**Data listing**
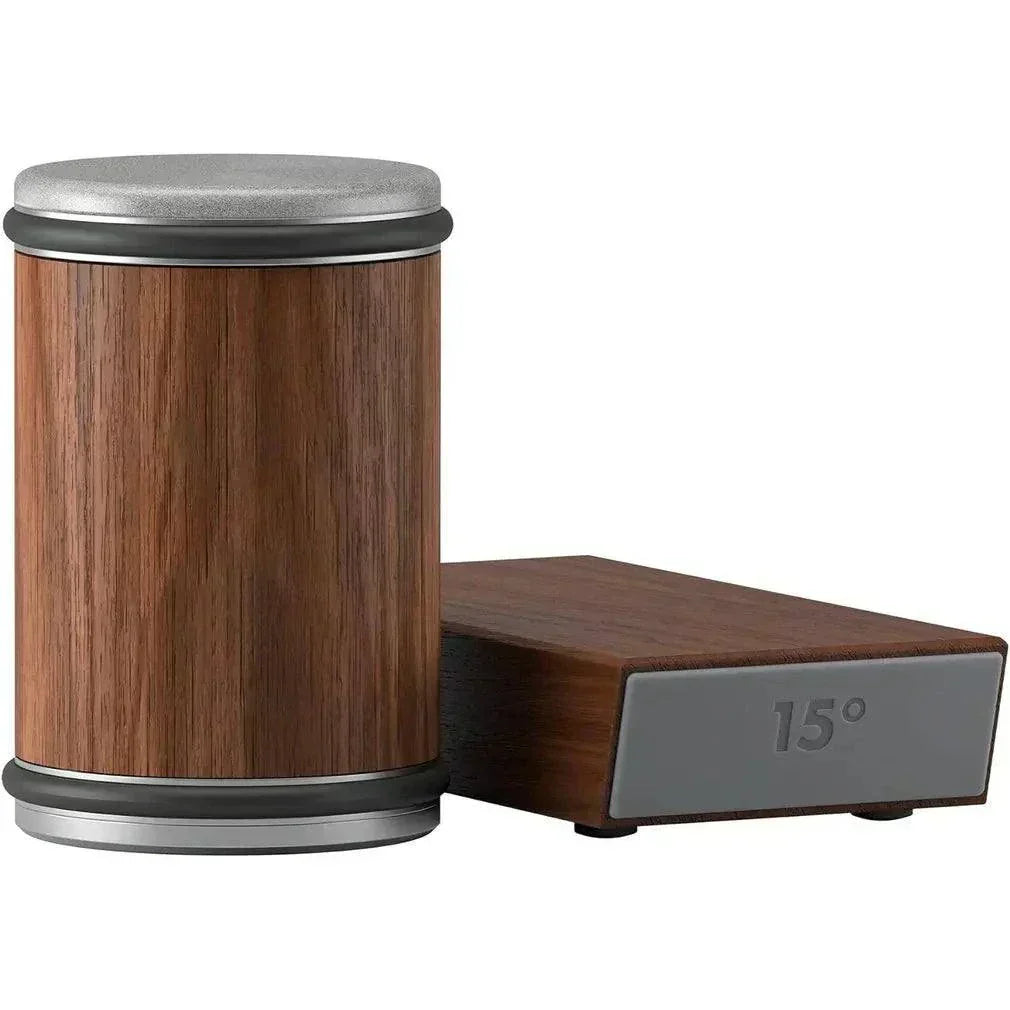 ProEdge - プレミアムナイフセット（シャープナー付き）- プロフェッショナルキッチン品質の刃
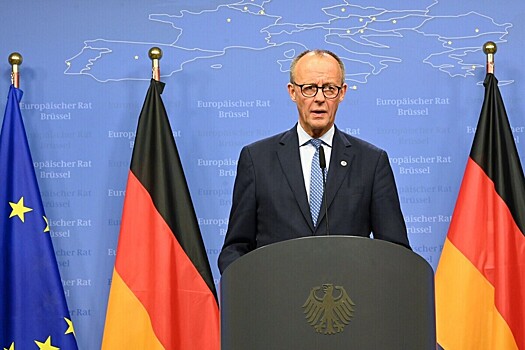 "Федеральный позор, а не федеральный канцлер": Фридриха Мерца назвали "новым Гитлером"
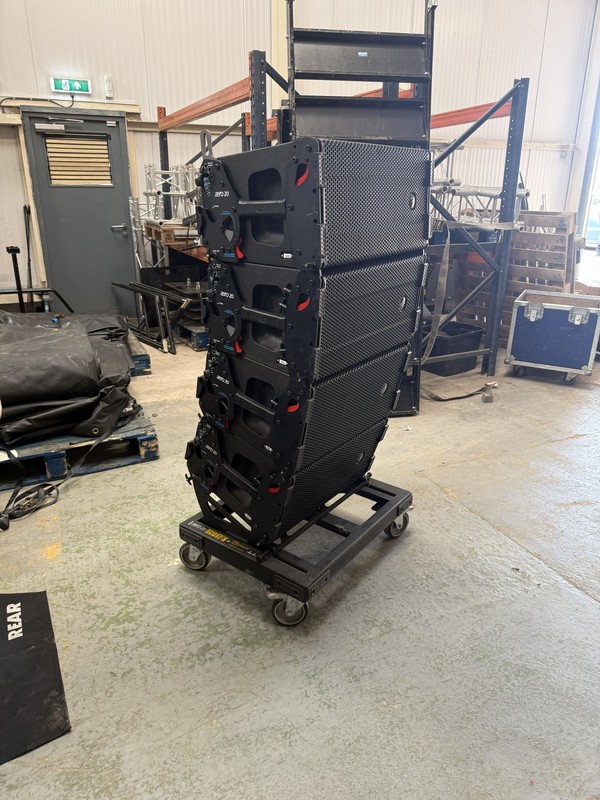 DAS Aero 20a  line array for sale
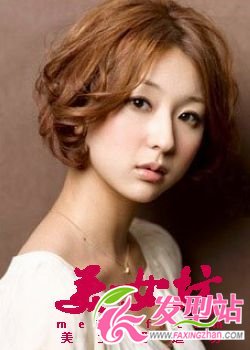 日系短發(fā)造型盤點(diǎn) 帥氣也可愛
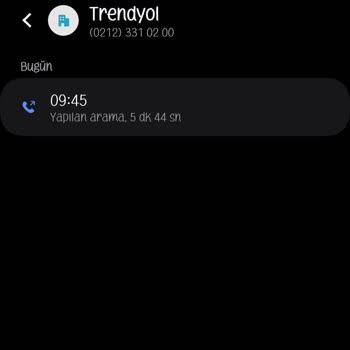 Trendyol'dan Gelen Hayal Kırıklığı: Hasarlı Ürün Ve İade Sorunu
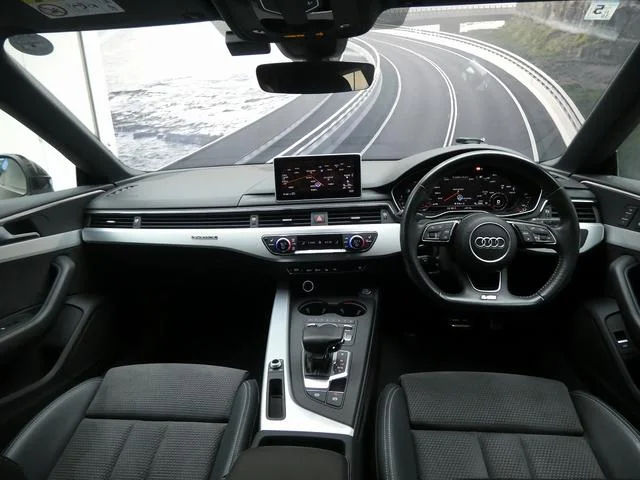 Audi A5 SPORTBACK — фото 3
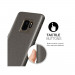 Patchworks Mono Grip Case - хибриден удароустойчив TPU калъф за Samsung Galaxy S9 (кафяв) 3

**Task description**
Each line from the one containing "Audi A5 SPORTBACK — фото 3" through the last line of the entries above should be duplicated exactly, both included; leave out pictures and add nothing.

**Answer below**
 Audi A5 SPORTBACK — фото 3
 Patchworks Mono Grip Case - хибриден удароустойчив TPU калъф за Samsung Galaxy S9 (кафяв) 3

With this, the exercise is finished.